Lord of the Flies is an interesting episode, but not a good one.
After 4-D worked so hard to offer a glimpse of what The X-Files could or should look like in December 2001, Lord of the Flies feels like a step backwards. It is a regression, and not just because it awkwardly transitions Scully back into the role of lead character or because it returns to the comedy stylings largely eschewed by the eighth season. Lord of the Flies feels like a script that could have been written for the show in its third or fourth seasons, returning to the well-tapped reservoir of teen angst that has sustained quite a few episodes at this point.
Only a handful of elements serve to mark Lord of the Flies as a piece twenty-first century television.

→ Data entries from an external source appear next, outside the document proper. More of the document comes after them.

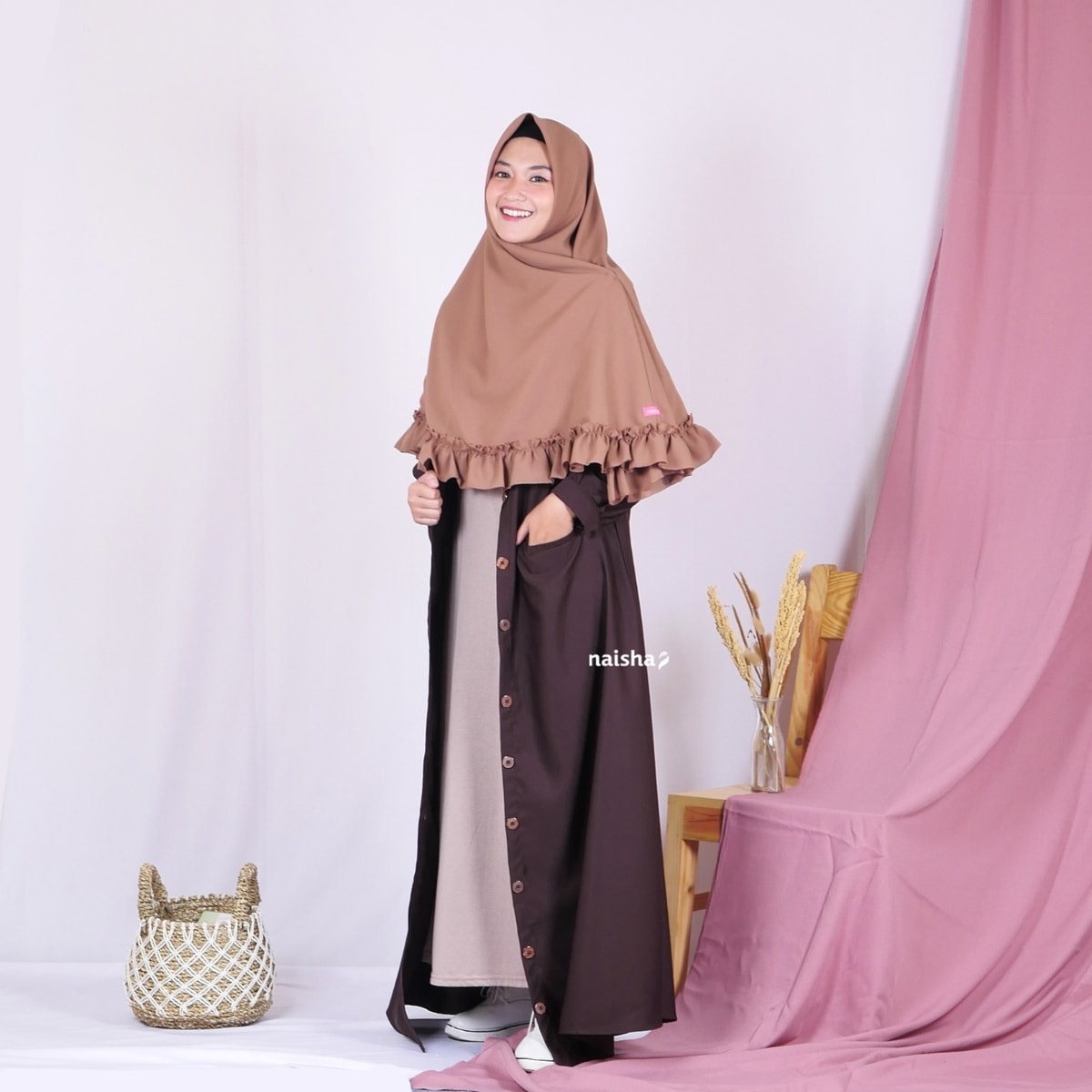 Tips n Trik Ala Naisha untuk Tampil Cantik dan Syari Tips n Trik Ala Naisha untuk Tampil Cantik dan Syari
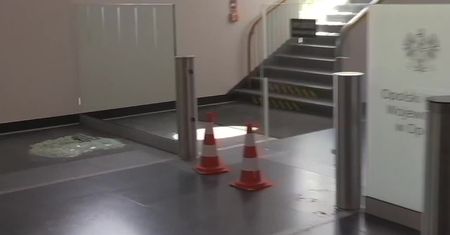 Poseł J. Sanocki odmówi wylegitymowania się i zdemolował barierkę w opolskim urzędzie wojewódzkim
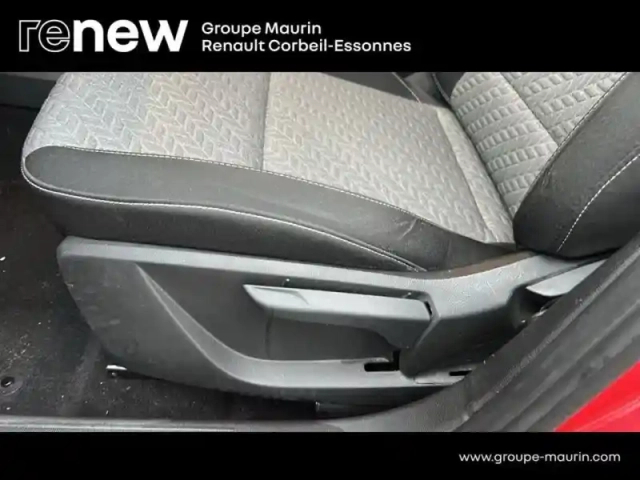 Renault Clio 1.0 tce 90ch evolution — photo 15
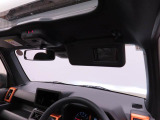前席のシートベルト未装着時に天井の表示ランプが点灯します。運転席から助手席の装着状態を確認しやすく、夜間でも視界に入りやすいための安全装備です。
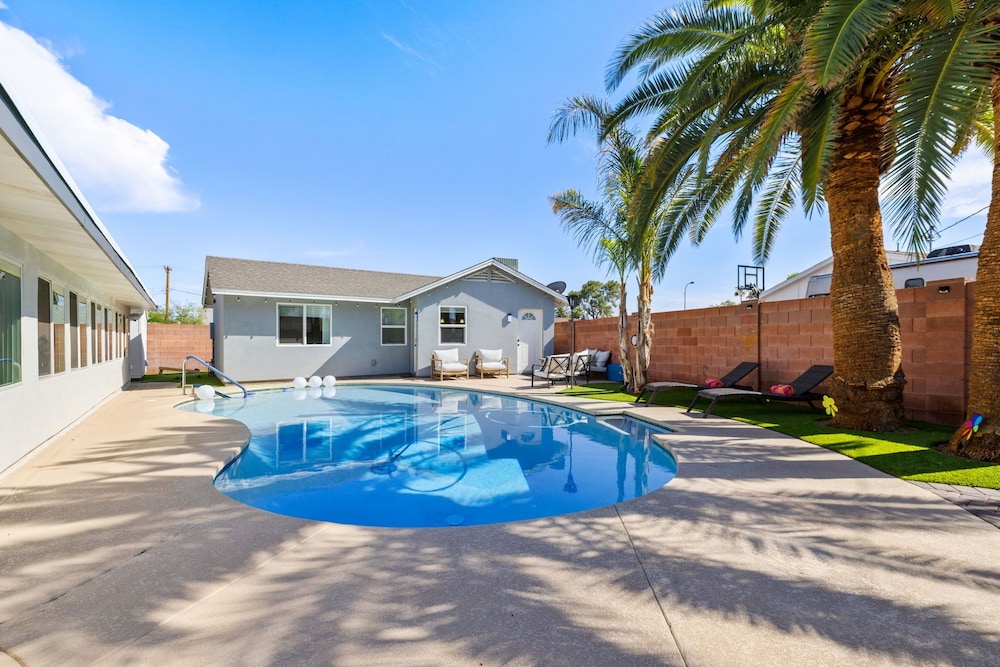 Desert Oasis Retreat Pool Spa Gameroom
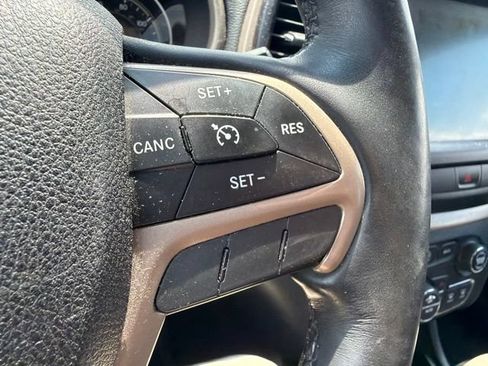 Used 2015 Jeep Cherokee Latitude w/ Comfort/Convenience Group AWD/4WD image 45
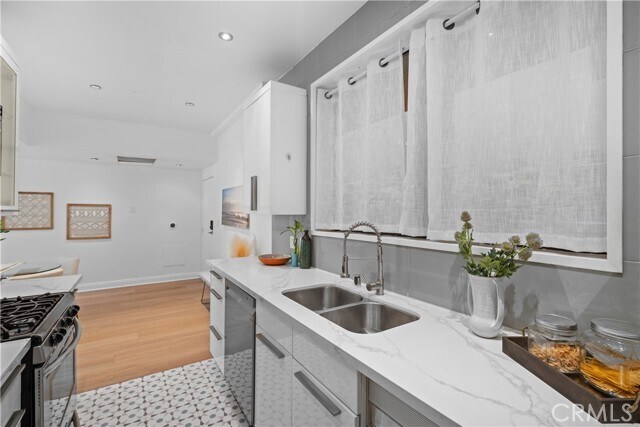 Building Photo - 828 N Hudson Ave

While Scully gets to play action hero at the climax, Mulder is gone; Doggett and Reyes do a lot of the generic detective work across the hour, even if little of their personalities gets to shine through. More than that, Aaron Paul and Jane Lynch pop up in supporting roles that nod towards the various futures of network television. In particular, Paul appears in a home-made stunt show called “Dumb Ass”, an obvious (and shallow) parody of Jackass.
However, Lord of the Flies is not particularly interested in any of these newer elements. The script very clearly wants to hark backwards, towards a past that is no longer easily accessible.